Students will not be saved by returning home to their parents. Families will find increased costs in utilities, food and household goods. As the coronavirus recession grows, many parents will be laid off.
IU can — and should — provide assistance. The university's revenues exceeded expenses by $110 million in fiscal year 2019 and a similar amount the year before.
What can $110 million do? IU has already agreed to give refunds for housing paid for the remainder of the semester. Estimations using university tuition, enrollment, housing and financial data suggest that IU could also refund one-fourth of mandatory fees, provide sick leave for RPS student employees and send $500 to every full-time student — and still have more than $6 million left to spare.
IU follows other Big Ten universities, including Ohio State University and Michigan State University, in promising refunds for housing. The Residential Programs and Services website mentions “reimbursements,” but the university has not said how those would be calculated.
A fair reimbursement would mean giving students back one-fourth of the year's room and board costs. Refunding one-fourth of the standard room and board rate to the about 12,000 IU-Bloomington students who live in RPS properties and about 3,000 on-campus students at other IU campuses would cost about $39.4 million. The university can afford this.
The next necessity is providing sick pay for RPS student employees, who will not be able to work as residence and dining halls close. Residential Programs and Services employs 2,000 students, IU spokesperson Chuck Carney said in an email. The employees average about 10 hours a week.
Providing sick pay to 2,000 students at the campus minimum wage of $10.15 an hour for 10 hours a week for the remainder of the semester would cost $1.6 million. For comparison, the relocated Metz Carillon cost $7 million.
What about refunds for tuition and fees? An online petition demanding IU reimburse students for the loss of in-person instruction and access to on-campus services had gained more than 11,000 signatures as of Wednesday evening.
This is a reasonable request. The move off campus means students will significantly reduce usage of classrooms, gyms, the health center and other facilities and resources.
Using the published 2019-20 fee rates, refunding one-quarter of the year's mandatory fees for all students — undergraduate and graduate — on all campuses would cost about $24.5 million.

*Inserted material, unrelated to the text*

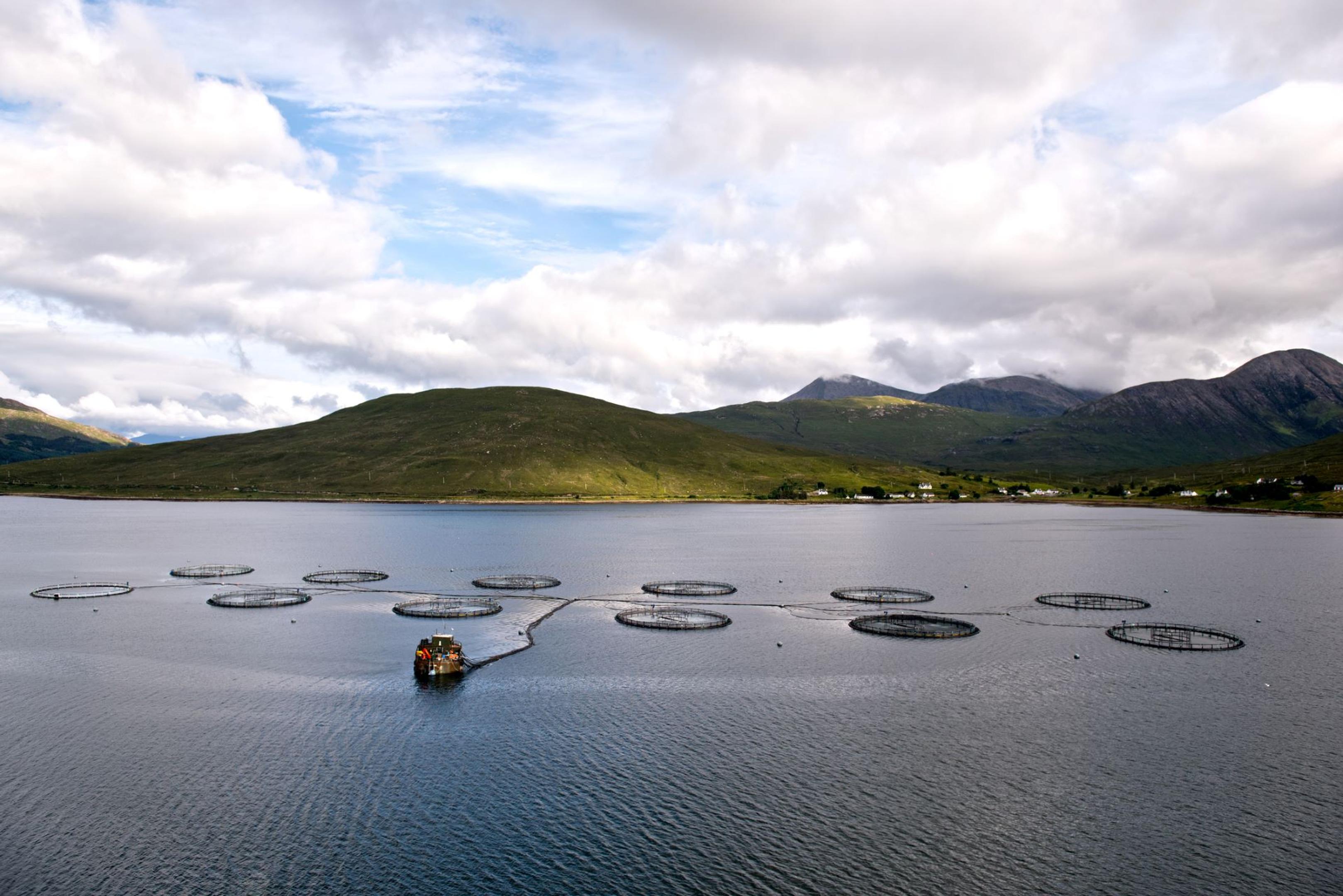 Fish Cages in the loch sligachan of Isle of Skye Scotland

Moving to online-only tuition rates, however, makes less sense.
Refunding the difference between campus tuition and IU Online base tuition would cost the university more than $136 million, which is likely more than IU could afford. It's also unfair to in-state students at regional campuses. The IU Online base tuition rate is equal to the regional campus tuition for in-state undergraduates. Out-of-state IU-B students would reap the most rewards by getting back 24% of their semester cost of attendance, whereas an in-state IU student not at Bloomington or IU-Purdue University Indianapolis would get nothing back.
Here's a better idea: Give $500 emergency scholarships to every full-time student and $250 to every part-time student, including graduate students. Based on spring enrollment figures, this would cost about $38.1 million.
The university already provides emergency funding to students in difficult financial situations. As students move off campus and lose jobs during the economic crisis, they may face increased burdens of rent, utilities, moving costs, medical fees and unexpected expenses. Emergency scholarships can help students remain in classes and pay their bills during a recession.
IU can find the money for these expenses. The total cost of housing refunds, sick pay for RPS employees, mandatory fees refunds and emergency scholarships would be about $103.7 million. That's more than $6 million less than IU's net revenues last year.
Hoosiers need help. And they need it now.
Tom Sweeney (he/him) is a senior studying economics and mathematics and is the treasurer of IU Student Government. He plans to pursue graduate studies in economics.